Haller gets an opportunity to increase his bankroll when sleazy bail bondsman Val Valenzuela (John Leguizamo) steers an important case his way—that of rich boy Louis Roulet (Ryan Phillippe), who’s accused of assaulting a prostitute. Though Cecil Dobbs (Bob Gunton), the family lawyer for the real-estate firm headed by Roulet’s mother Mary Windsor (Frances Farmer) is initially doubtful about him, Haller quickly wins him over by demonstrating his smarts, and Mick sets his gruff investigator Frank Levin (William H. Macy, sporting a hilariously huge head of hair) on the trail of exculpatory evidence.
It would be unfair to reveal too much about the twists that the screenplay, adapted by John Romano from a book by Michael Connelly, takes from this point. Suffice it to say that Haller ultimately finds himself in a legal pickle and has to think fast (and engage in some real chicanery) to see that justice is done and his own hide saved. As in some Hitchcock movies, the true villain is revealed halfway through the narrative, but that only means that the plot takes a turn that leads to twists of a different sort.

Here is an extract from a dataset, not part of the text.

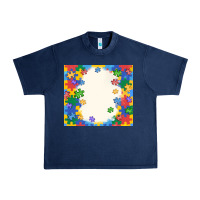 Navy autism Urban Heavy Tee - MaliasSmallBusiness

And though McConaughey carries the major burden, winningly limning a very flawed hero who in the end proves to have a stubbornly righteous streak, the cast is filled with other performers who can also instantly make an impression and cheekily toss around the mostly cynical lines they’re provided with. Phillippe, as his role requires, is mostly a stick, but Tomei, Leguizamo, Farmer, Gunton and Macy are obviously having a ball with their over-the-top characters, and they’re happily joined by Josh Lucas (as the D.A. who prosecutes Roulet), Michael Pena (as an old client of Haller’s), Bryan Cranston (as a homicide inspector), Michael Pare (as another cop), Shea Whigham (as a sleazy courthouse snitch) and Trace Adkins (as the grizzled head of a bicycle gang). Director Brad Furman gives them all plenty of room to operate on the broadest possible canvas—this is less Shakespeare than Jim Thompson, after all. And, with his help of cinematographer Lukas Ettlin and editor Jeff McEvoy, he endows the piece with a grimy atmosphere and energetically keeps the action moving so that you either don’t notice the plot holes or don’t care about them.
And in retrospect, you’re likely to think to yourself that “The Lincoln Lawyer” doesn’t entirely add up. You may even have some nagging questions about why Haller gets hired to defend Roulet in the first place, which by the end appears to have been a bad move (though the defendant’s last name provides a clue, perhaps). But as with so many mystery novels, you’re likely to let all that slide, because the movie is played in such an exuberantly tongue-in-cheek fashion that it becomes a guilty pleasure, entertaining despite—or because of, depending on your point of view—its pulpy character.